# About this notebook

You might have noticed that the train dataset is composed of over 11M data points, but there are only 17k training labels, and 1000k test labels you are predicting. The reason for that is there are many thousand different entries for each `installation_id`, each representing an `event`. This notebook simply gathers all the events into 17k groups, each group corresponds to an `installation_id`. Then, it takes the aggregation (using sums, counts, mean, std, etc.) of those groups, thus resulting in a dataset of summary statistics of each `installation_id`. After that, it simply fits a model on that dataset.

## Updates

V20:
* Updated variable names for clarity.

V17:
* Removed statistics on event codes, since that created a lot of columns and LGBM seems to overfit on that information.

V16:
* Added mode of title `accuracy_group` (retrieved from training set) as a feature

V10:
* Fixed labelling problem. Before that, I was blindly predicting the target without even the title I was trying to assess 🤦. I added that now by using the "title" column from `train_labels.csv`, and using the last row of each installation_id from `test.csv` to construct a `test_labels` dataframe.

V8: 
* Added `cv_train`, a function that trains k-models on each of k-fold CV splits.
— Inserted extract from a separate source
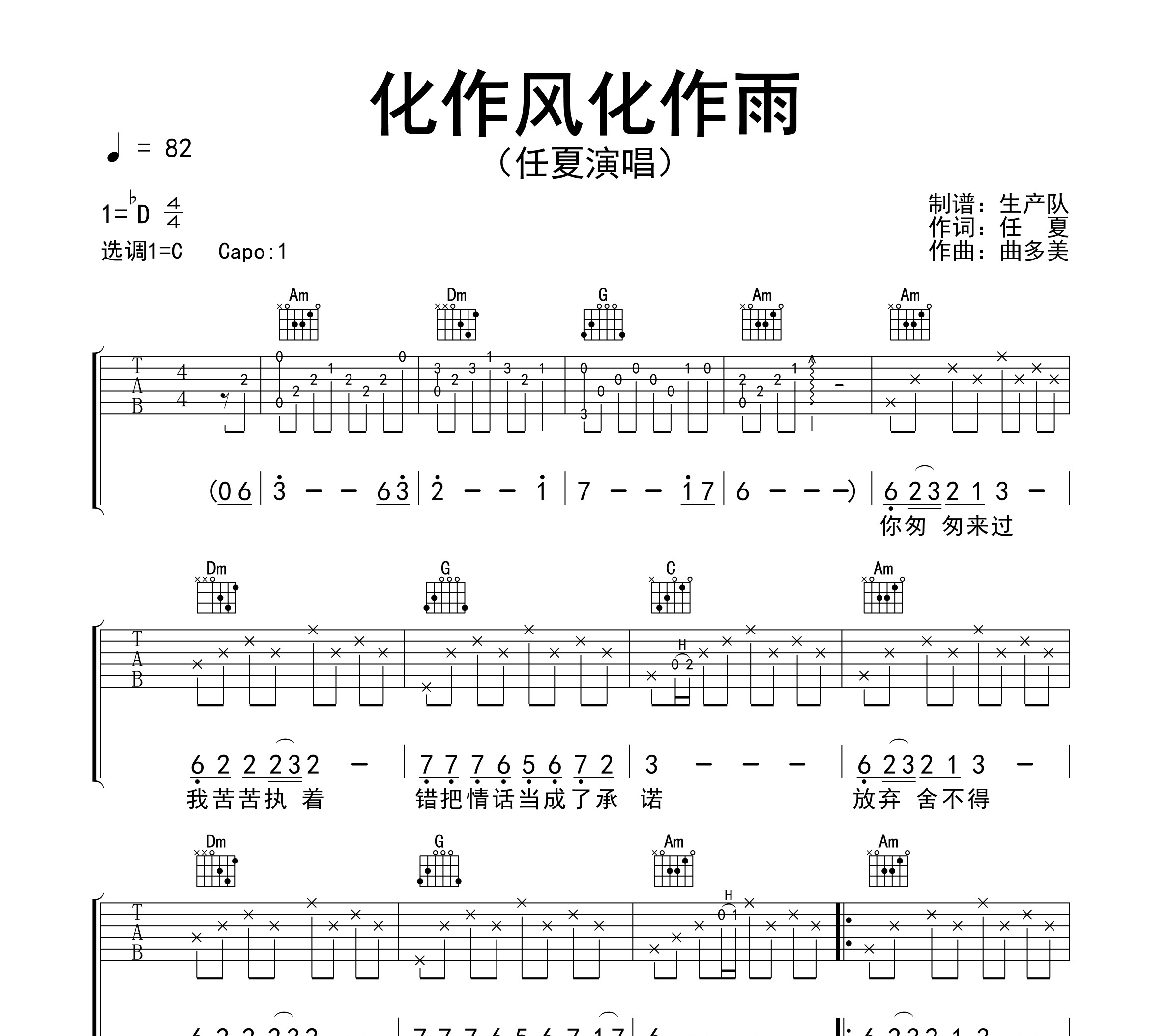化作风化作雨吉他谱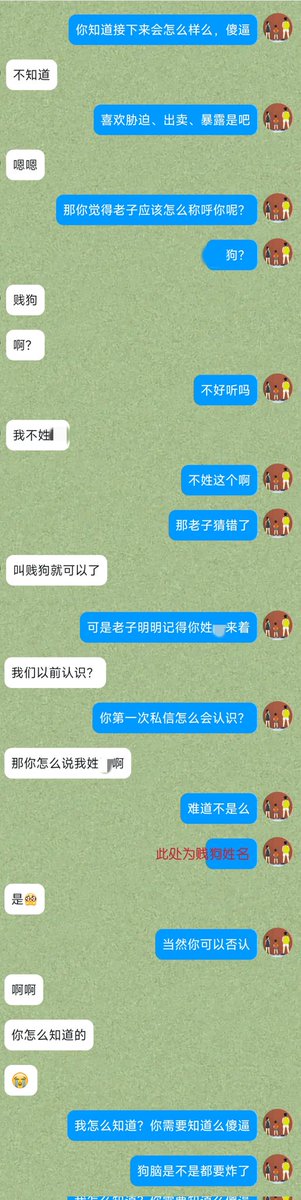 十万伏特S tweet media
Then, you can use function `cv_predict` to use the list of models to predict an output (and blend the results).
* Added more summary statistics for `event_code` and `game_time`, including skewness of the distribution.

## References

* CV idea inspired from [this kernel](https://www.kaggle.com/tanreinama/ds-bowl-2019-simple-lgbm-aggregated-data-with-cv). Thank you!
* Adding mode as a feature: https://www.kaggle.com/mhviraf/a-baseline-for-dsb-2019

In [2]:
import os

import numpy as np
import matplotlib.pyplot as plt
import pandas as pd
#import lightgbm as lgb
import scipy as sp
from tensorflow.keras.preprocessing.sequence import pad_sequences
from sklearn.model_selection import train_test_split
from sklearn.linear_model import LogisticRegression
from sklearn.svm import LinearSVC
from sklearn.metrics import classification_report
from sklearn.model_selection import KFold
from tqdm import tqdm

In [3]:
tqdm.pandas()

# Load Data

In [5]:
%%time
# Only load those columns in order to save space
keep_cols = ['event_id', 'game_session', 'installation_id', 'event_count', 'event_code', 'title', 'game_time', 'type', 'world']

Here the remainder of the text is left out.